Education Week has a couple of interesting articles relating to mathematics education this week:

• Why the Best Math Curriculum Won’t Be a Textbook is an article that takes up discussions about mathematics curriculum standards and textbooks. One of the recommendations from the report of the National Mathematics Advisory Panel was shorter, more focused and more coherent textbooks, and this is discussed in the article.
• Math Group Tries to Help Young Teachers Stay the Course takes up the problem of young teachers that quit from the teaching profession, and an effort made by NCTM to help in that respect.

Both these articles are unfortunately only available to subscribers of Education Week, but they address interesting issues related to mathematics education.

The third and last reading tips in this connection, is a post from the “Let’s play math!” blog. The post is entitled “How to teach math to a struggling student“, and it starts off this important discussion with a practical example. If you don’t agree with the advice given in the post, you might consider dropping a comment in the blog, because this is an important and interesting discussion!

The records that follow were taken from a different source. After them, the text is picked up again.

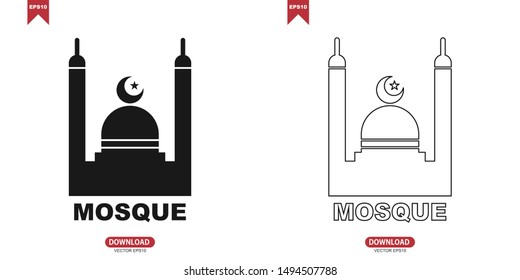 Gold concept mosque vector illustration icon design eps 10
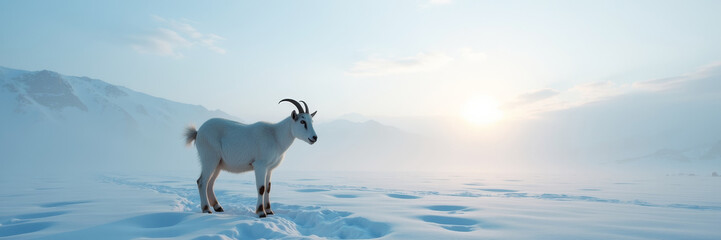 Fototapeta premium Minimal serene Snow-Covered Goat Pen under Blue early morning sky with untouched snow creating a dreamy peaceful winter atmosphere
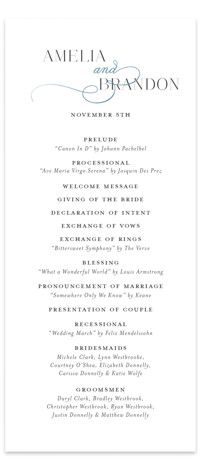 the wedding program card is shown in silver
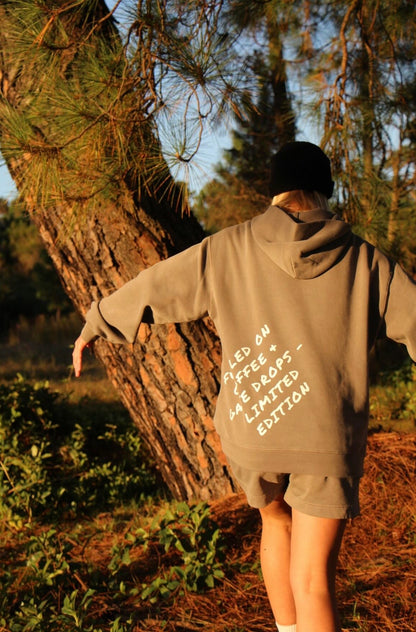 In Stock - Available Now - Moto Mum Relaxed Faded Hoodie- Fuelled on Coffee & Gate Drops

The ATM journal Mathematics Teaching has a very nice (and growing) archive where several back issues are available in PDF format. Some articles/issues are only available to ATM members, while others (quite a few, actually!) are available to all, for free. In the archive, you can even take a closer look at the first issue (ever) of the journal, from 1955.

So, if you are interested in mathematics teaching in general (and in the UK in particular), you should definitely take a look! Hopefully, the archive will continue growing, and I wish other journals would follow up and do the same thing (preferably with a large collection of freely available back issues)!

The May issue of Teaching Statistics has arrived. This is not a journal I have followed in the past, I must admit, but there are some interesting articles in this issue. One article is entitled: “Inspired by Statistics?” The introduction to the article at least made me think:

What do you think of when you hear the word ‘statistics’?

Before
reading any further, give an instant view on how statistics makes you
feel and how your learners may feel. Why do you think the way you do
about statistics?

The article goes on to discuss views on statistics, before the author describes one of her favorite tasks about Minard’s map (a famous combined map, graph and chart that documents the losses suffered
by Napoleon’s army in his disastrous Russian campaign of 1812). She describes the way she planned and worked with this task in her teaching, and then finishes off with a discussion about inspiration for future tasks.